HIPAA and Health Care Reform require that health plans obtain a federally assigned identification number. Similar to the identification numbers, already required of providers, these uniformly formatted numbers will be used to assist in HIPAA transactions. In essence, they are to assist in standardizing transactions amongst different types of entities.
The HPID is a 10-digit, all numeric code similar to a credit card number. In addition to the use for standardized transactions, information about health plans and their HPIDs will be available in a public database to facilitate routing of transactions.
When and who must a health plan obtain a Health Plan Identifier (HPID)?
All health plans will have to obtain an HPID. Large Health Plans, which are defined as those health plans having receipts of at least $5 million will have to obtain their HPIDs by November 5, 2014. Small health plans, those with receipts of less than $5 million, will have to obtain their HPIDs by November 5, 2015. Insurance issuers will obtain HPIDs on behalf of fully insured plans, while plan sponsors will be responsible for obtaining HPIDs on behalf of self-funded plans.
Type of Plan | Compliance Date for Obtaining HPID | Implementation Date for Use of HPID in Standard Transactions |
Large Health Plans | November 5, 2014 | November 7, 2016 |
Small Health Plans* | November 5, 2015 | November 7, 2016 |
*A small health plan is a plan that pays less than $5 million in benefits per year.
How to determine if receipts are less than $5 million?
Health plans that file certain federal tax returns and report receipts on those returns should use the guidance provided by the Small Business Administration at 13 Code of Federal Regulations (CFR) 121.104 to calculate annual receipts. Health plans that do not report receipts to the Internal Revenue Service (IRS), for example, group health plans regulated by the Employee Retirement Income Security Act 1974 (ERISA) that are exempt from filing income tax returns, should use proxy measures to determine their annual receipts.
Fully insured health plans should use the amount of total premiums that they paid for health insurance benefits during the plan’s last full fiscal year. Self-insured plans, both funded and unfunded, should use the total amount paid for health care claims by the employer, plan sponsor or benefit fund, as applicable to their circumstances, on behalf of the plan during the plan’s last full fiscal year. Those plans that provide health benefits through a mix of purchased insurance and self-insurance should combine proxy measures to determine their total annual receipts.
How do I obtain a Health Plan Identifier (HPID)?

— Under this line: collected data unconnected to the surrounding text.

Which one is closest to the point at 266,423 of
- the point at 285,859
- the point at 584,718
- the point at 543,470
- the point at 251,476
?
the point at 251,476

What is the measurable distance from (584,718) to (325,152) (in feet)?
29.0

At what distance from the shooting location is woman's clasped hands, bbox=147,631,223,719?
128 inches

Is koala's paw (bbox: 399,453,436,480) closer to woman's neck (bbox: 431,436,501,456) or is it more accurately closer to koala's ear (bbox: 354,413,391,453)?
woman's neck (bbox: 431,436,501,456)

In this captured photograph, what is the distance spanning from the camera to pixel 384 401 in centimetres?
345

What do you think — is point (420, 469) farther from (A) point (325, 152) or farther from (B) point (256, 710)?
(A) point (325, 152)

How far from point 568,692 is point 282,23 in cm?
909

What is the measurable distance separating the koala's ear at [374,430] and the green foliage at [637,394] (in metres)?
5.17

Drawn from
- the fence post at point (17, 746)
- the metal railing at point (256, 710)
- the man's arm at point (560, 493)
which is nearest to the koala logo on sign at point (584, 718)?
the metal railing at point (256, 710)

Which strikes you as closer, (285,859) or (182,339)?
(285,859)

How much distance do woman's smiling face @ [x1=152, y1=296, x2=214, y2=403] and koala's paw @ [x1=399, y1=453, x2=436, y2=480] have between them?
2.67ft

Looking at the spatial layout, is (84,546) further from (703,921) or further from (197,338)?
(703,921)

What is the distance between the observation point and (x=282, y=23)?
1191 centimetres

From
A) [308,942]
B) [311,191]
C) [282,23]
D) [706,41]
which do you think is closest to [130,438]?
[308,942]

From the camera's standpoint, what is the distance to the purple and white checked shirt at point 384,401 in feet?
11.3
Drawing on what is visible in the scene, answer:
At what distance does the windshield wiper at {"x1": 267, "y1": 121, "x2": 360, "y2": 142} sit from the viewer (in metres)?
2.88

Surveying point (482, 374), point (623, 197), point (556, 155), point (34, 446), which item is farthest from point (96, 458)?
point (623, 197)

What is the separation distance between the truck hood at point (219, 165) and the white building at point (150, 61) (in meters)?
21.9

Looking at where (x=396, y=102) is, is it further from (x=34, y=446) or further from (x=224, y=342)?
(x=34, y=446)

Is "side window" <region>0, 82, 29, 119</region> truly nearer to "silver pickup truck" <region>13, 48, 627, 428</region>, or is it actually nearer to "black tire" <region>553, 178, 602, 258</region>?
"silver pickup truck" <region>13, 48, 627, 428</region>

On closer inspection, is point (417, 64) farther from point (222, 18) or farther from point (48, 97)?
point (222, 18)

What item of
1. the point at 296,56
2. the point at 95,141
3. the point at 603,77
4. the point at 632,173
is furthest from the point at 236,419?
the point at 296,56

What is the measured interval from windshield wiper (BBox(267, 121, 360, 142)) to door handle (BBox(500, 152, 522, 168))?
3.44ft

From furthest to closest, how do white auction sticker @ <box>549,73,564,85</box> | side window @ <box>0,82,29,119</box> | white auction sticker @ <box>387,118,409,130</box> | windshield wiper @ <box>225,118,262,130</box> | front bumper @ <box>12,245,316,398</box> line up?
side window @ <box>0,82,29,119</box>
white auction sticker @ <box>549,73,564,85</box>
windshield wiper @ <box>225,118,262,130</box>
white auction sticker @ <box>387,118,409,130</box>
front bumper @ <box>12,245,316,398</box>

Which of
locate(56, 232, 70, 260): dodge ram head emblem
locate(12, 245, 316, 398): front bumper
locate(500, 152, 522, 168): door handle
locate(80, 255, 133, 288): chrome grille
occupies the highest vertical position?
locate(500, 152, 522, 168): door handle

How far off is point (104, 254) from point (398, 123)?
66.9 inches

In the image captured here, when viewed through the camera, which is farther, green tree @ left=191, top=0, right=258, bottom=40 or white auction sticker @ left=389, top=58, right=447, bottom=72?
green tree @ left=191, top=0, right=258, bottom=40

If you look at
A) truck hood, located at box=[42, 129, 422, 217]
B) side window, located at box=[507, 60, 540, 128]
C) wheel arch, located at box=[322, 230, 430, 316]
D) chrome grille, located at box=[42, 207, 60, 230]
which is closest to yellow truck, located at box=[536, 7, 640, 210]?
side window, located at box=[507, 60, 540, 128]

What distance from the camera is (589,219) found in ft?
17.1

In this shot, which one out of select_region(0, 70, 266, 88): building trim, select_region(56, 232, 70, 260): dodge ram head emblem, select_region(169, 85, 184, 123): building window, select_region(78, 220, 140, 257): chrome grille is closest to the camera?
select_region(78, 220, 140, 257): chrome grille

In order to enumerate (obtain an HPID), a health plan should:
1. Create an account in the CMS Enterprise Portal to obtain a user ID and password.

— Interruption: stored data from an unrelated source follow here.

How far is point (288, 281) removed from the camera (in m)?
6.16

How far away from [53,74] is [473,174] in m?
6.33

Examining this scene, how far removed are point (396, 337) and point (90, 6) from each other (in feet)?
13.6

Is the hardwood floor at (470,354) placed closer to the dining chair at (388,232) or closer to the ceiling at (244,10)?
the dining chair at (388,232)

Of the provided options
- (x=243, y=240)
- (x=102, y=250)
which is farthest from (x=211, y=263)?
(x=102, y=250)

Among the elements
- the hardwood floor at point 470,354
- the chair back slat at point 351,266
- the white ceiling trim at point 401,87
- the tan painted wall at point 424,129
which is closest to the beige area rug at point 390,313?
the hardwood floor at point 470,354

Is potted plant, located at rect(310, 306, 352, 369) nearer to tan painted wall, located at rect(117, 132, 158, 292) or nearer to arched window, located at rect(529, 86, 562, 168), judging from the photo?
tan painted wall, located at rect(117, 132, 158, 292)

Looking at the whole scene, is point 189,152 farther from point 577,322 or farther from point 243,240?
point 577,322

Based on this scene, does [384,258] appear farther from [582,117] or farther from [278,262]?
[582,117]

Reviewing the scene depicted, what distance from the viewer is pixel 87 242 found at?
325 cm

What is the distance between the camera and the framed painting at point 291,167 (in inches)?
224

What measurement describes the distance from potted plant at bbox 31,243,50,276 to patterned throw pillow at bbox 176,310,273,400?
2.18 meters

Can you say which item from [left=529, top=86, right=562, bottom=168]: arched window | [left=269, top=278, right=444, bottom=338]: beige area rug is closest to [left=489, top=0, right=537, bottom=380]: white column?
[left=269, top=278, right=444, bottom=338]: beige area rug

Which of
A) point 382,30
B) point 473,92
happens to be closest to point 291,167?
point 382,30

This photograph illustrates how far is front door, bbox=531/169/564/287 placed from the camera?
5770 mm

2. Select the link to register in the Health Insurance Oversight System (HIOS).
3. After registering in HIOS, select the link for the Health Plan and Other Entity Enumeration System (HPOES), and follow the prompts.

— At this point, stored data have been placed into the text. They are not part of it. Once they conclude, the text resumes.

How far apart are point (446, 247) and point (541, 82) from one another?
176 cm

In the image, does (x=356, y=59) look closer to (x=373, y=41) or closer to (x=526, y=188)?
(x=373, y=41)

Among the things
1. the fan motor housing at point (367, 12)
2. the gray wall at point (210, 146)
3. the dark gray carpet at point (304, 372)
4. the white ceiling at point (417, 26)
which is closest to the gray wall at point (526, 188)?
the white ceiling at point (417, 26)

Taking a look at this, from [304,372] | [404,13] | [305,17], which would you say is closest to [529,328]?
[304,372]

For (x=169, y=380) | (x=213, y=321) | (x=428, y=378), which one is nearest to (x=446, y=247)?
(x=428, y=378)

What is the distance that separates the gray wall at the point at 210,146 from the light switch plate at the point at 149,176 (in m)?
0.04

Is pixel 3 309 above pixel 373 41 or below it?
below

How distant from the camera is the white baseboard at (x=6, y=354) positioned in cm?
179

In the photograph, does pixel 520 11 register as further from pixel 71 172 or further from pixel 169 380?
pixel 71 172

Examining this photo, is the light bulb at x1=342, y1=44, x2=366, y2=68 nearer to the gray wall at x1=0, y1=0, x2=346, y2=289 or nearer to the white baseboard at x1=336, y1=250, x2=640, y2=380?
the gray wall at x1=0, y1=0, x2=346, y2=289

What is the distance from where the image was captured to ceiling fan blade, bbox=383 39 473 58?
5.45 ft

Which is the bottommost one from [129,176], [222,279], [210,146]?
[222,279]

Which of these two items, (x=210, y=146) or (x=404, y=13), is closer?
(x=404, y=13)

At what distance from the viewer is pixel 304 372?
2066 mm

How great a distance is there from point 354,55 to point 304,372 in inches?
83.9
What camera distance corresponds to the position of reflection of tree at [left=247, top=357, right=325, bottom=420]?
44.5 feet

We have posted a User Manual and a Systems Quick Guide to help you navigate to HPOES.
Who is the controlling health plan (CHP) for Fully-Insured Plans?
The Health Insurance Issuer (Carrier) is the entity that controls the fully-insured controlling health plan (CHP). Since all CHPs are required to obtain HPIDs, the carrier must obtain the HPID for the fully-insured plan. The individual employer plans are sub health plans (SHPs) to the fully-insured CHPs. Per regulation, SHPs may obtain HPIDs, but are not required to.
A controlling health plan (CHP) must obtain an HPID by November 5, 2014, unless it is a small health plan (annual receipts of $5 million or less). Small health must obtain an HPID by November 5, 2015.